2. Buy less meat. How many ounces of meat is a serving? For years, the U.S.D.A.’s recommendation has been four ounces a person, yet most of us have long figured one-and-a-half to two pounds of meat is the right amount for four people. (Our per capita consumption of meat hasn’t changed much over the years, and remains at about a half-pound a day.) Change that amount, and both your cooking style and the way the plate looks will change, and quickly.
Remember that most traditional styles of cooking use meat as a condiment or a treat. This is true in American frontier cooking, where salt pork and bacon were used to season beans; in Italy, where a small piece of meat is served as a secondo (rarely more than a few ounces, even in restaurants); and around the world, where bits of meat are added to stir-fries and salads, as well as bean, rice and noodle dishes. In all of these cases, meat is seen as a treasure, not as something to be gobbled up as if it were air.
For many of us who grew up in the United States in the last 60 years, this is the toughest hurdle. The message (remember “Beef: it’s what’s for dinner”?) was in our psyche from before we could hold a fork. We may have vegetarian nights, or seafood nights, but when we have meat nights, there’s often a big piece of meat (or poultry) on the plate, with starch and vegetable to the side.
3. Get it out of the center of the plate.
You don’t have to jump into utterly unfamiliar territory; just try tweaking the proportions a bit. You might start by buying skinnier pork chops, or doling out smaller slices of steak .
Build the meal around what you used to consider side dishes — not only vegetables, but also grains, beans, salads and even dessert, if you consider fruit a dessert — rather than the meat.
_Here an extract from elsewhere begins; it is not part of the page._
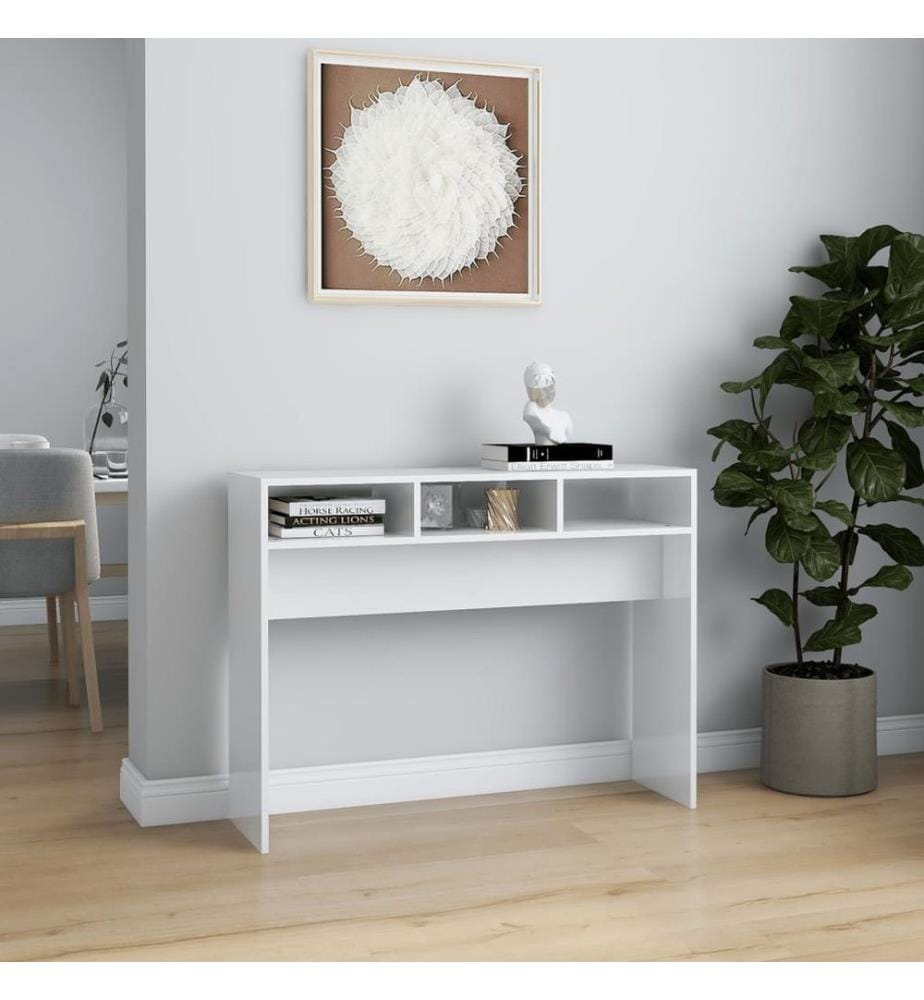 Konsolentisch Hochglanz-Weiss 105x30x80 cm Holzwerkstoff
Nearly every culture has dishes in which meat is used to season rice or another grain. Consider dirty rice, fried rice, pilaf, biryani, arroz con pollo: the list is almost endless.
Similarly, there isn’t a country in the world that cooks legumes that doesn’t toss a little meat in now and then. And mentioning stir-fries and pasta dishes here seems almost too obvious.
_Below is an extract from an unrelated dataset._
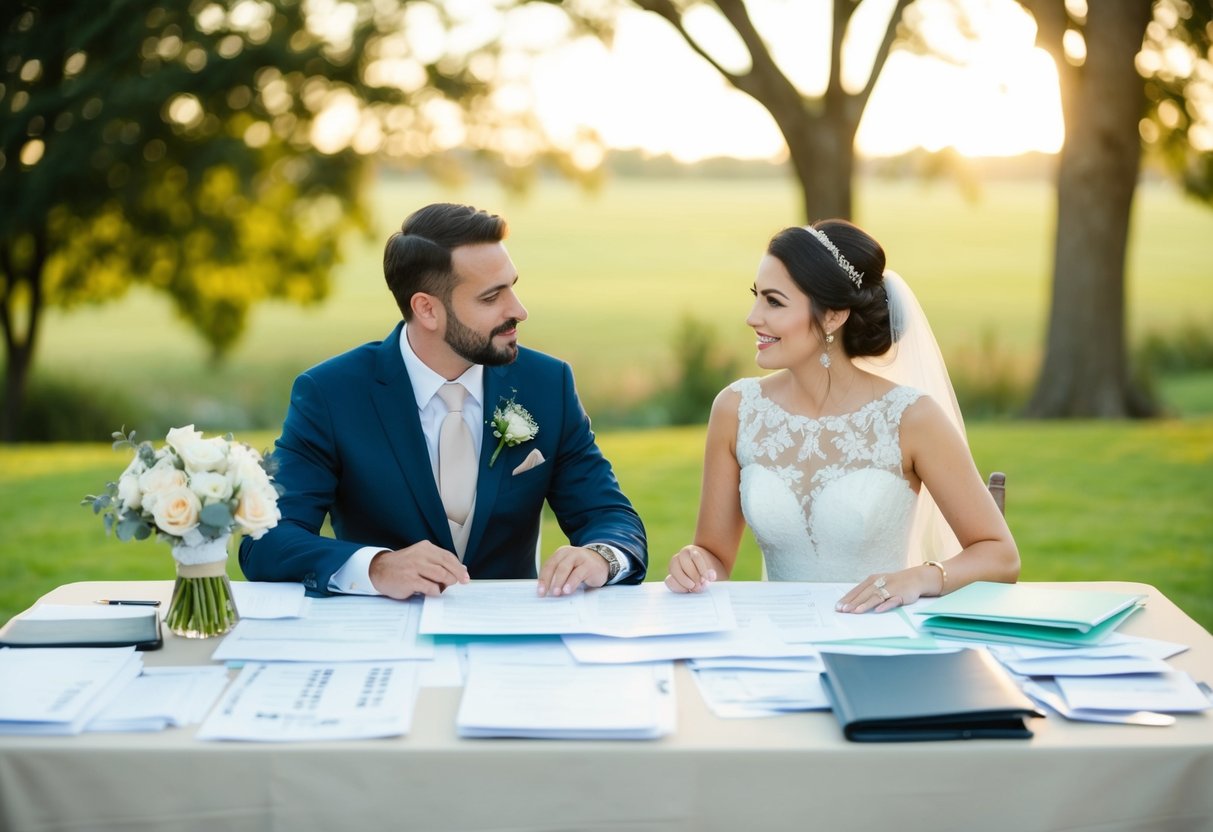 A couple sitting at a table covered in wedding planning materials, discussing details and making final decisions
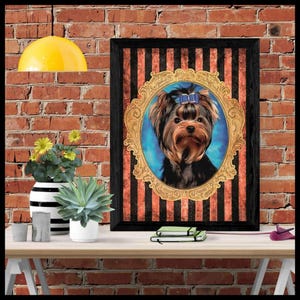 Self-Adhesive Rice Paper Decoupage | A3 Size Yorkshire Terrier Dog Portrait | Striped Background image 7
But you need not go transcultural. When you make stew, soup or another dish with many ingredients, you make a decision about its main ingredient and about the quantity of that ingredient. If you think of meat stews or soups, chicken pot pie, even lasagna, you’ll quickly recognize that the decision to load them up with meat or to use meat as an ingredient of equal importance to the others is entirely yours.
The same is true when you’re grilling. Compare these statements: “We’re grilling a leg of lamb and throwing a few vegetables on there,” and “We’re grilling vegetables and breads, and will throw a few chunks of lamb on there.” Again, if you see the meat as a treasure, things change.
4. Buy more vegetables, and learn new ways to cook them.
If you’re a good cook, you already know you can make a meal out of pretty much anything. If you open your refrigerator and it’s stocked with vegetables, that’s what you’re going to cook. You’ll augment the vegetables with pantry items: pasta, rice, beans, cheese, eggs, good canned fish, bacon, even a small amount of meat. We’re not discussing vegetarianism, remember?
If you’re not a good cook, you have the opportunity to learn how to cook in what could turn out to be the style of the future.
5. Make nonmeat items as convenient as meat. There is a myth, even among experienced cooks, that few things are as convenient as meat. And while there’s no arguing that grilling, broiling or pan-grilling a steak or chop is fast, it’s equally true that almost no one considers such a preparation a one-dish meal.
By thinking ahead, and working ahead, you can make cooking vegetables as convenient as what in India is often called “non-veg.” Spend an hour or two during the course of the week precooking all the nonmeat foods you think take too long for fast dinners.
Store cooked beans in the refrigerator or freezer and reheat as needed, with seasonings. Keeping precooked beans in the freezer will change your cooking habits more easily than any other simple strategy.
Reheat cooked whole grains (the microwave is good for this) for breakfast with milk or dinner with savory seasonings. Wash tender greens and store in a salad spinner, covered bowl, or plastic bag. Most other vegetables can be poached, shocked in ice water, drained, and served cold or reheated in any fashion you like — sautéed quickly in butter, steamed, grilled or made into a gratin or something equally substantial.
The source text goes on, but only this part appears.